Don’t Blame the Stone You Tripped on, Watch Where You’re Going
A few days ago, the poet Sara Bueno published a post that said, “when you stop blaming the stone [you tripped on], you’ll learn how to walk.” Do you see yourself in this quote? Maybe something happened to you that keeps running through your head like it just happened, and you don’t know how to leave that vicious cycle. Maybe it seems like all the forces that surround you are pushing you back into it.
When things don’t go well, the fearsome shadow of blame appears in one of two ways: either by blaming yourself and bearing the burden of the consequences, or by blaming other people or the situation itself.
While we will focus on the latter, it’s important to remember that neither manifestation of blame will allow you to learn or advance.
Seeking blame won’t help you
Life will never be as benevolent as we’d like it to be. Things always happen that seem unfair to us, that we think we don’t deserve, that we didn’t expect. So it’s easy to understand why blame occurs so frequently.
“Almost all unhappiness in life comes from the tendency to blame someone else.”
In fact, it’s well-known that, when a stone appears on the path ahead, people tend to curse the stone that’s preventing them from moving forward, or the person who put it there. It’s simpler, but not easier, to blame someone or something than it is to look one step further and find a solution.

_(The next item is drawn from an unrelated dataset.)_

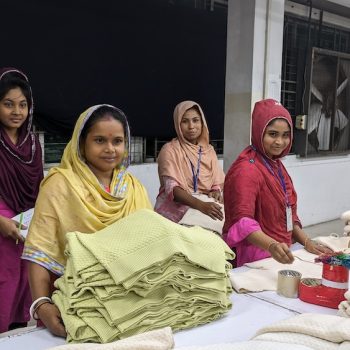 Bangladesch: Speakerstour 11 Jahre nach Rana Plaza 3 Vier bangladeschische Frauen stehen hinter einem Tisch voller Stoffe.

We waste time trying to find the person responsible for the stone instead of finding a way to remove it. Seeking blame won’t help you. It won’t erase the damage that’s been caused; it will only press the blindfold against your eyes even harder.
Focus on the problem and get to the bottom of it
Even if you think there really is someone to blame, this still doesn’t show you the path that you have to follow so that you don’t remain stuck where you are. The most effective way to learn from the stone is not found in the stone itself, but rather in how it got there.
“The important thing in my view is not to pin the blame for a mistake on somebody, but rather to find out what caused the mistake.”
Try to focus on what happened to you, and be brave enough to get to the root of what’s hurting you, and you’ll figure out how to leave it behind. You’re stronger than that stone, and your life has the potential to be much more powerful than any obstacle that attempts to limit you.
While your breathing, you still have more time
Let it rain, open your eyes, and release your emotions. While you’re breathing, you still have more time. It’s just another stone, another experience, another part of learning.
Walking involves falling down, and sometimes you can put a name to it and sometimes you can’t. Sometimes we fall because we had to learn something, and maybe that was the only way for that to happen. Also, not all obstacles are negative; sometimes they can teach us good lessons.
It’s essential to hear what the stone is telling you, but avoiding carrying the weight of it for too long, especially because such a waste of strength is unnecessary. They say that the things you resist, persist, and you don’t want your continuous anguish to persist.
“[There’s no need] to weigh one’s thoughts down with the weight of one’s shoes.”
In short, your shoes have gone through a lot, and the places they’ve walked have left a mark on the soles, but your heart doesn’t have room for all that. It needs a filter that allows beneficial things to pass through, and blocks anything that would only take up space, waste energy, and cause harm.